This will make it into the 1.0.0 release; it's behind the docs rewrite (#13) which has been coming along in small bursts.

numberoverzero · 2016-07-26T04:39:23Z

Spent some time thinking about how to specify the stream view type when the model is declared. Simple and intuitive are my highest priorities, followed much further down by extensibility.

Here's the enum that bloop will map options to: StreamViewType

Preference (tl;dr)

Leaning towards a dict-based specification, primarily to avoid the split types and for easy room to grow. I don't like the extra overhead for specifying a single view:

stream = {"new": True}  # (vs) stream = "new"

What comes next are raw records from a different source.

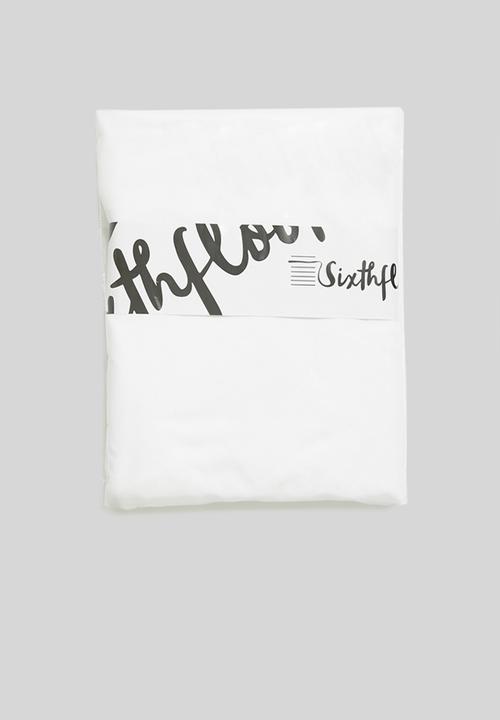 Sixth Floor - 100% bamboo super soft fitted sheet - white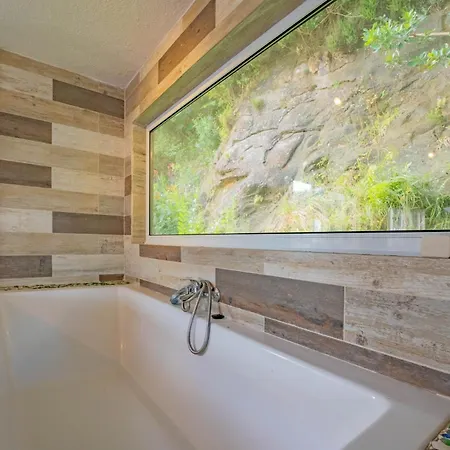 Flores Garden Retreat Holiday home Santa Cruz das Flores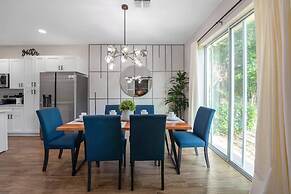 New Listing - Modern Decor 4 BR Townhouse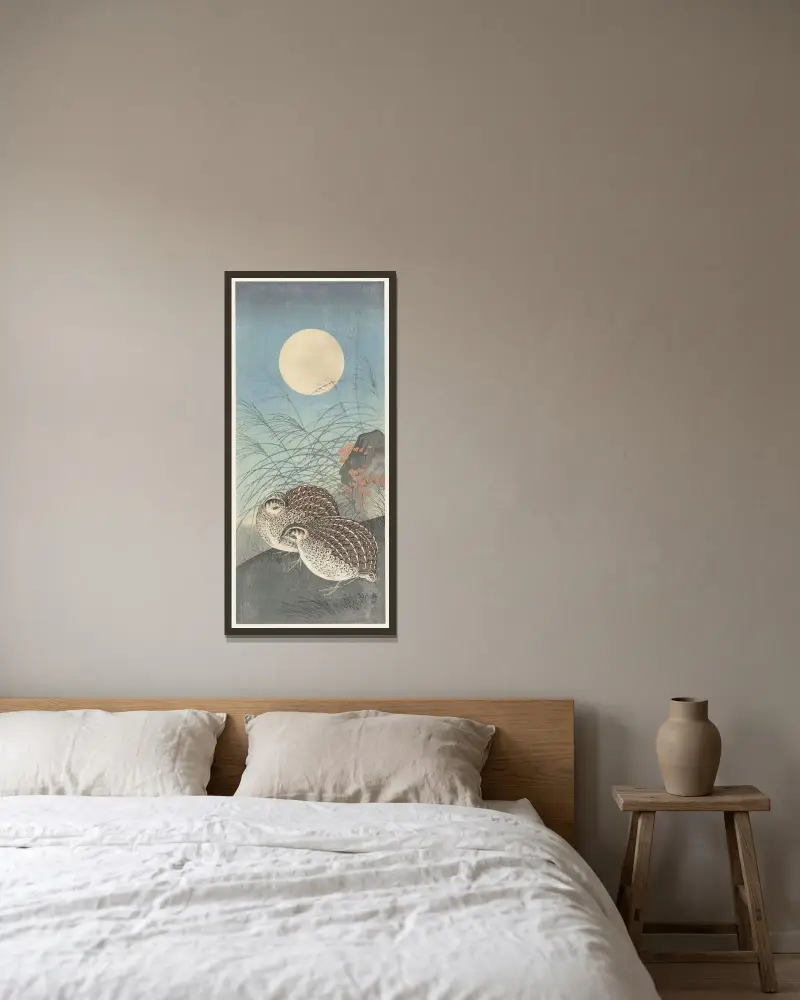 Dvě křepelky za úplňku, Ohara Koson v rámu na stěně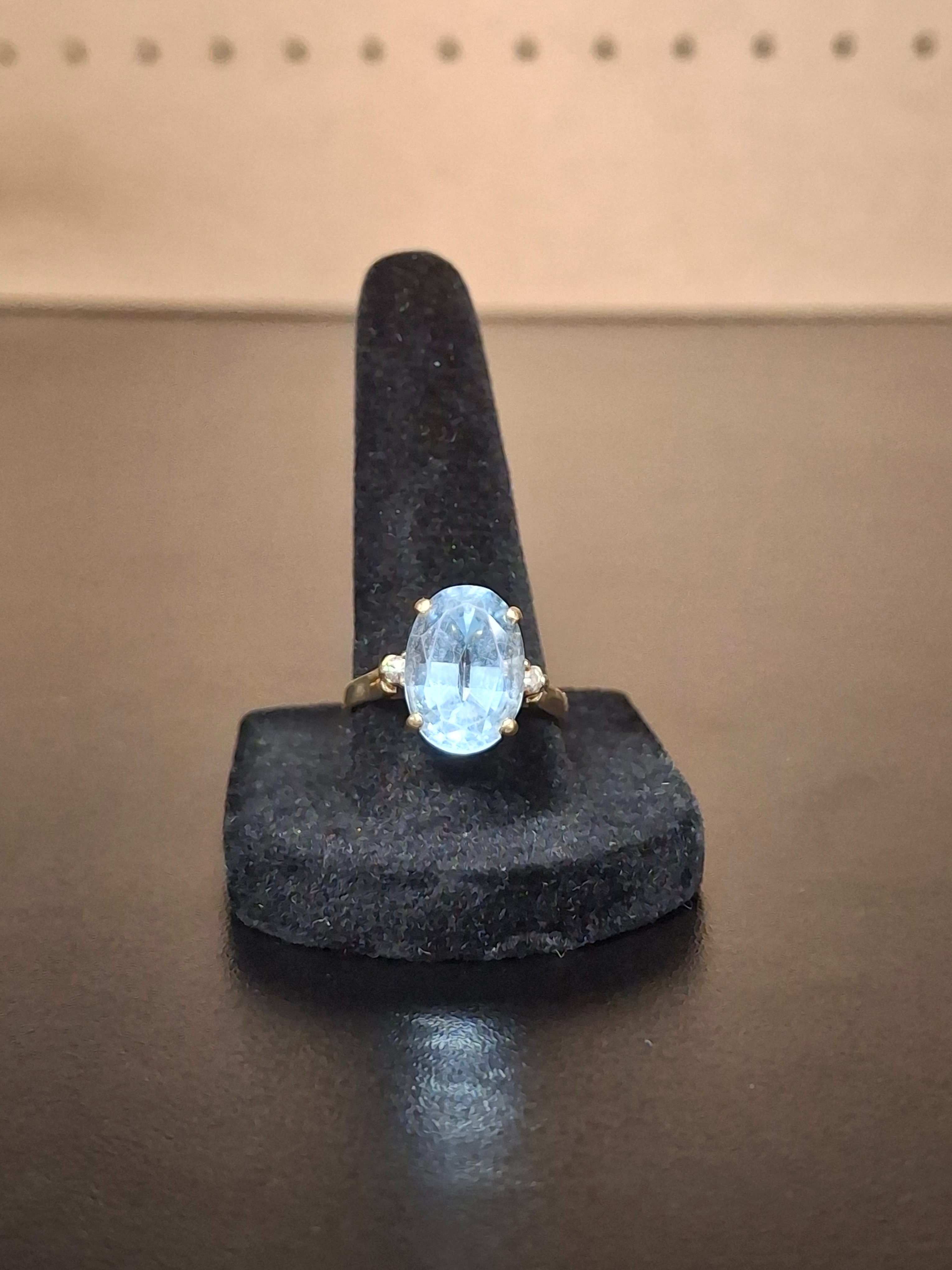 LADY'S GOLD RING: NA MODEL NA: 3.02DWT 14K-Y/G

but I do like that it mirrors what I expect the event format will be:

{
    "type": string-based-enum,
    "new": obj,
    "old": obj
}

Criteria

Any option needs to fulfill the following criteria:

no imports - while there's some precedent with GlobalSecondaryIndex
and LocalSecondaryIndex, those encapsulate a lot of behavior. There is
only 1 real option for a table stream (for now) and that's the view type.
An import for what roughly amounts to a switch is overkill.
no enums - specifying the view type shouldn't require users to remember
StreamViewType.Keys or anything. Requests is a great example here. The
verify option can be effectively used with just True or False. The
configuration for a stream isn't yet complex enough to demand its own class
just to declare one on a model.
easy to remember - a dict shouldn't need more than True/False values;
inclusion or exclusion should be sufficient for an iterable. Users shouldn't
have to go to the docs to specify one of a constrained set of values.
immediate validation - the shape must be unambiguous (and simple)
enough that the value can be quickly checked on model declaration.
easy fix - the shape must be simple enough that a validation error
message can explain what went wrong. Don't make users go to the
docs to correct their mistake.
room to grow - DynamoDB Streams is a different service from
an api standpoint; it's reasonable to expect the team(s) backing it to add
features in the future. The shape should expand gracefully as features are
released; this provides time for users to transition to a Stream class or
other more complex model. The shape shouldn't be invalidated when the
first feature comes out.

Options

These aren't exhaustive, but they make use of the most common python constructs (lists/tuples and dicts). I expect iterations on these options, but new orthogonal shapes are unlikely.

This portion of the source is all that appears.